I'd like the entries that follow repeated exactly, with the pictures left out.

(Data items)
- - -

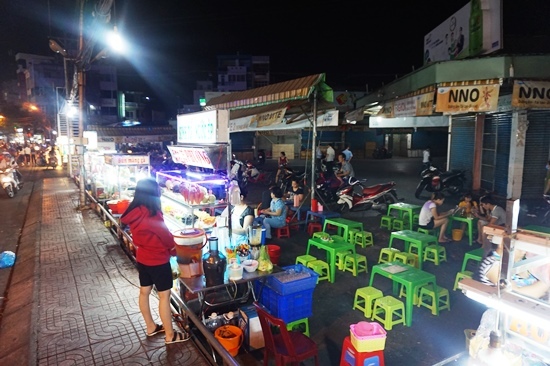 TPHCM muốn cho kinh doanh trên vỉa hè rộng 5m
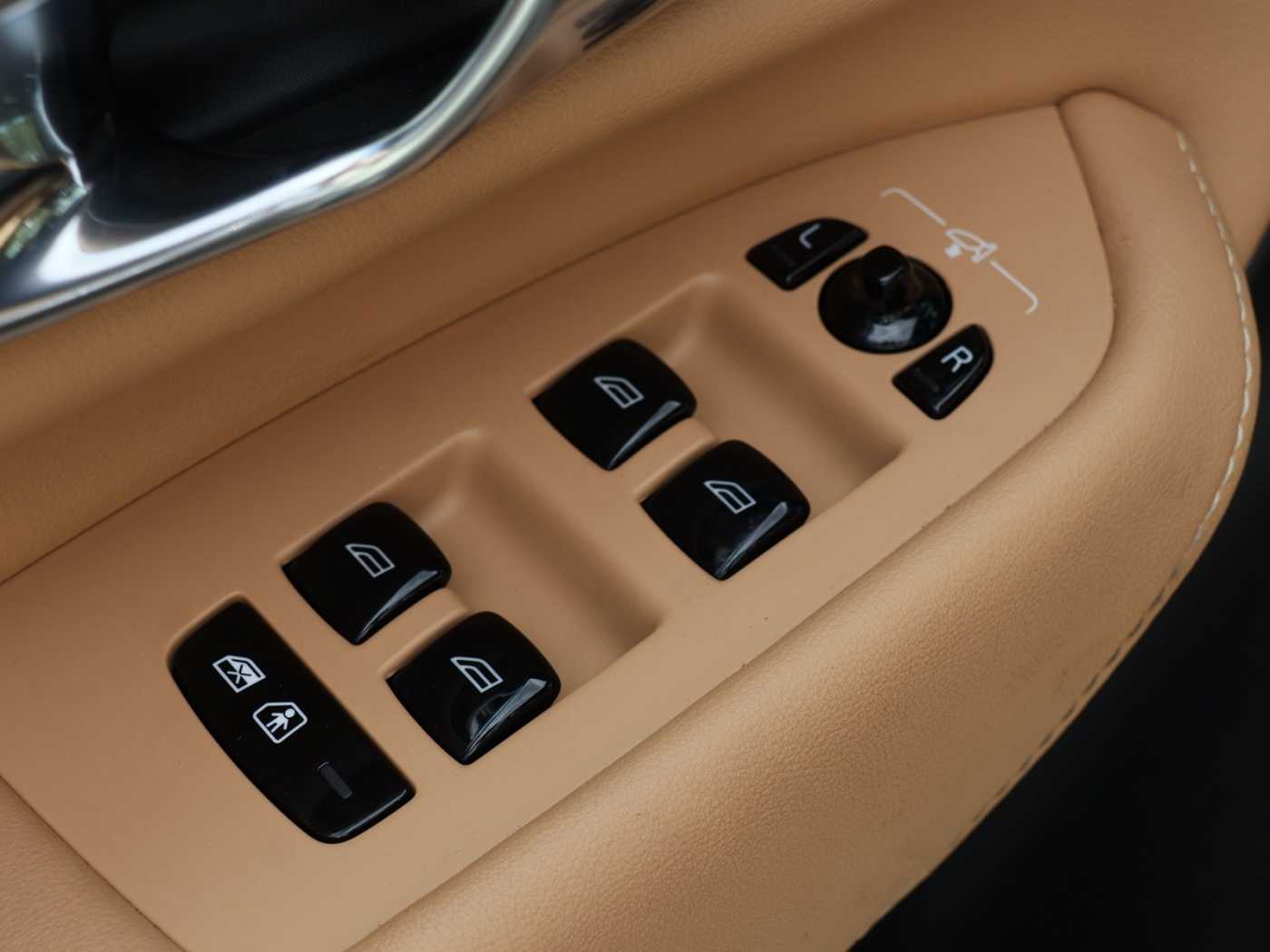 Volvo XC90 – Bild 15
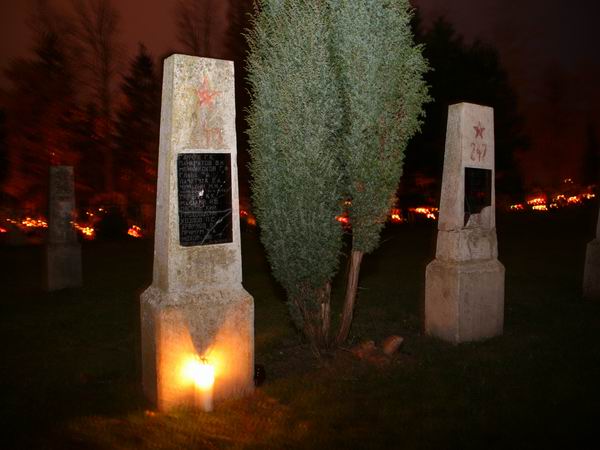 Cmentarz onierzy Armii Radzieckiej w dniu Wszystkich , fot. 2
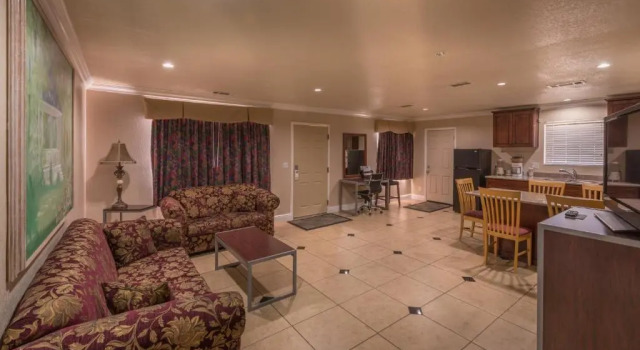 Номер Standard Edge Water Inn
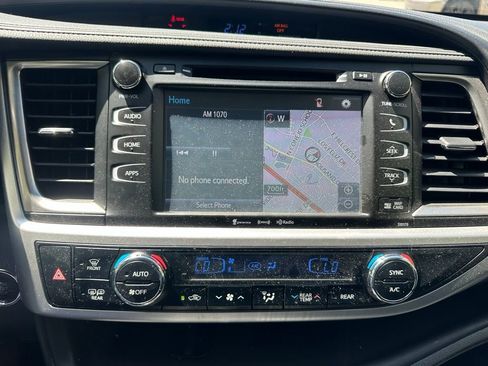 Used 2017 Toyota Highlander SE image 12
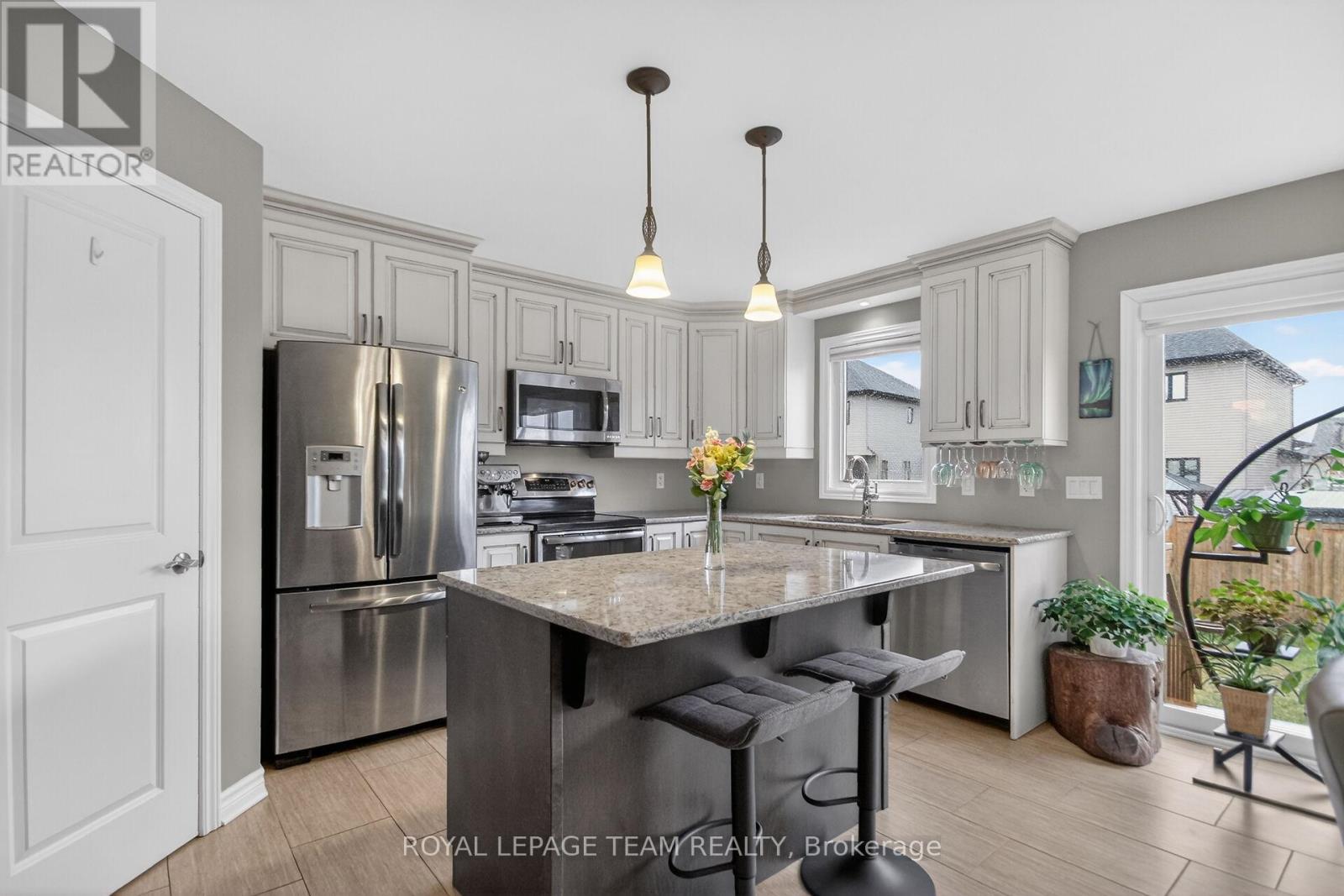 238 Belfort Street, Russell, Ontario  K0A 1W0 - Photo 7 - X13518706
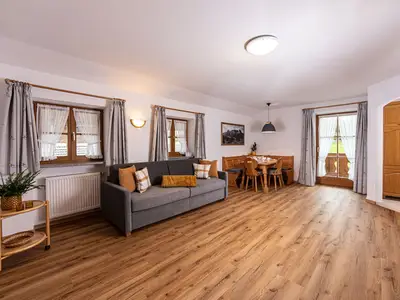 Wohnbereich mit Schlafsofa und Esstisch Fewo Scheffmannlehen 3
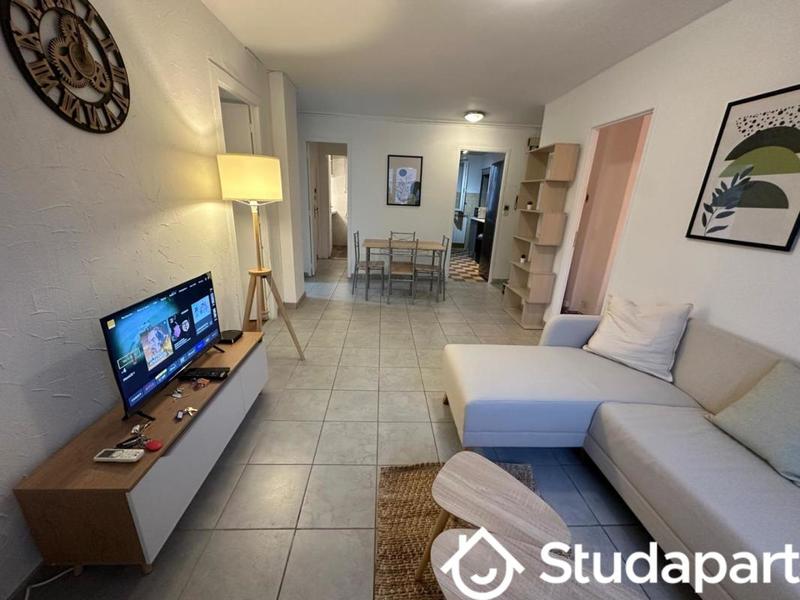 Chambre - 9 m² - 1 pièce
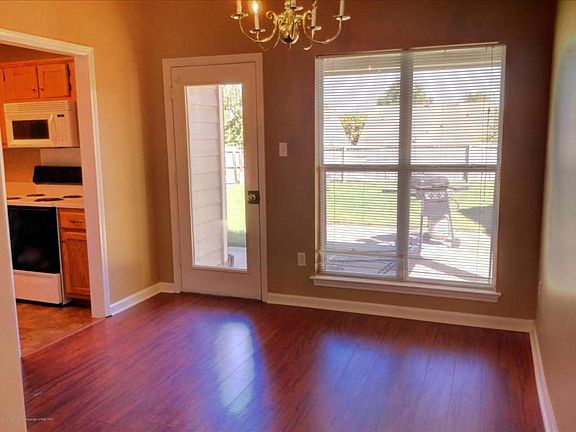 5th image of 5366 Bradley Ln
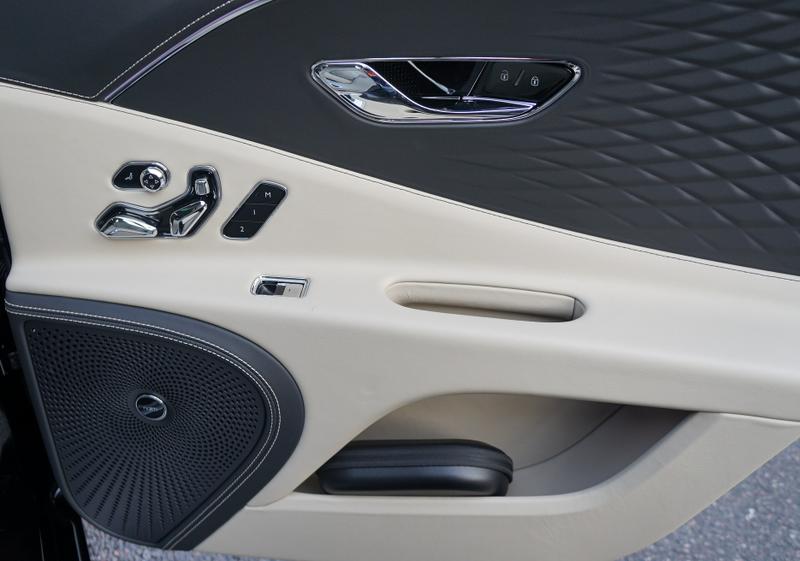 Used Bentley Flying Spur 2025 for sale - 76835675: Photo 22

- - -

### Response area
 TPHCM muốn cho kinh doanh trên vỉa hè rộng 5m
 Volvo XC90 – Bild 15
 Cmentarz onierzy Armii Radzieckiej w dniu Wszystkich , fot. 2
 Номер Standard Edge Water Inn
 Used 2017 Toyota Highlander SE image 12
 238 Belfort Street, Russell, Ontario  K0A 1W0 - Photo 7 - X13518706
 Wohnbereich mit Schlafsofa und Esstisch Fewo Scheffmannlehen 3
 Chambre - 9 m² - 1 pièce
 5th image of 5366 Bradley Ln
 Used Bentley Flying Spur 2025 for sale - 76835675: Photo 22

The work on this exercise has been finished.